UH was on his wish list to play at and when that didn’t work out, Wehiwa Aloy said, “That stung a little bit, but I think I’m good where I’m at.”

Sacramento State coach Reggie Christiansen said he has enjoyed watching Aloy’s stunning first season for the Hornets.

“He’s certainly been fun to be around every day and he’s certainly having a great year,” Christiansen said. “Our last shortstop was a kid named Keith Torres from Saint Louis High School — he was our shortstop for five years, so we’ve had a Hawaiian at shortstop for six straight years now.

“I went to Menlo College, played baseball there, and half of our student-athletes, it felt like, were from Hawaii, so I have some good friends who are from Hawaii. I certainly understand the culture and the baseball part, the kids, they play hard.”

Baldwin coach Craig Okita is a Baldwin graduate who played collegiately at UH-Hilo.
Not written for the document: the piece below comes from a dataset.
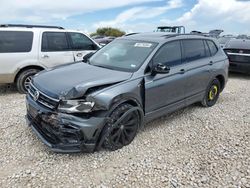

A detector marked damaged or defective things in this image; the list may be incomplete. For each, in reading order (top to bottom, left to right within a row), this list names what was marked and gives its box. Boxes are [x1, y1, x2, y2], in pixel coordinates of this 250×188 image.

front bumper damage [25, 95, 106, 153]
damaged front end [25, 83, 109, 152]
He is beyond impressed — and somewhat surprised — with the season Wehiwa Aloy is enjoying.

“Yeah, definitely,” Okita said. “As a freshman to go out there and to do what he’s done, to put up the numbers that he’s done — I knew Wehiwa would become a very good Division I baseball player. I didn’t think it would be that fast.

“So, hats off to him. Again, this is only the first season … I’m very impressed with the way he’s gotten out of the gates. He’s a typical guy who devotes his life to baseball.”

Okita could see that Aloy was right there with his father at an early age.

“He takes care of his work in the classroom, he’s a good kid, he’s got a good head on his shoulders, and he’s got a lot of talent,” Okita said. “You put those things together, that is definitely a recipe for success.”

With his father in the dugout and his brother Kuhio Aloy playing first base, Wehiwa Aloy watched the entire broadcast of the Bears’ state championship game loss on Friday night. Baldwin lost the game in the bottom of the seventh on a walk-off triple.

“I was up until 2 in the morning watching it,” Wehiwa Aloy said. “It was a stunner. My emotions were everywhere, up and down throughout the whole entire game and unfortunately they lost, but it was a really good game.”

Kuhio Aloy is headed to BYU and Baldwin teammate Levi Maddela is on his way to UH to continue their baseball careers, just the latest stamp of legitimacy for the Bears’ program.

“That program is great, if you come out of there you’re definitely going to be something after that, for sure,” Wehiwa Aloy said. “Not only in baseball, but in life, too. They teach a lot of stuff and it’s helped me. … Always to be humble and play for the team.”

The Aloy brothers speak often and the subject nearly always gets around to baseball — Kuhio Aloy was 6 for 8 with two doubles, two runs and two RBIs in last week’s state tournament.

“I just tell him it’s super fun and it is super competitive,” Wehiwa said of his brotherly talks about college baseball — the Aloy name has been synonymous with Maui baseball since Jamie Aloy was a standout in Little League in the early 1990s.

“I take a lot of pride in it,” Wehiwa Aloy said. “Just following in my dad’s footsteps, try to be just as good or better than him. ‘Just play as hard as you can, stay humble’ — that’s all he says, pretty much.”

Jamie Aloy has helped his sons in their garage weight room, but both boys are chasing their dad in any weightlifting competition.

“In the lower body I probably could, but he can bench the house, for sure,” Wehiwa Aloy said. “He’s a unit.”

When it comes to younger brother, “I’m way stronger than him, no doubt,” Wehiwa Aloy said, adding that with his brother on his way to NCAA D-I baseball, “I take a lot of pride in that because we came from little options and now where we got now, where we came from, always being the best out there, just keeping our heads down and just grinding.”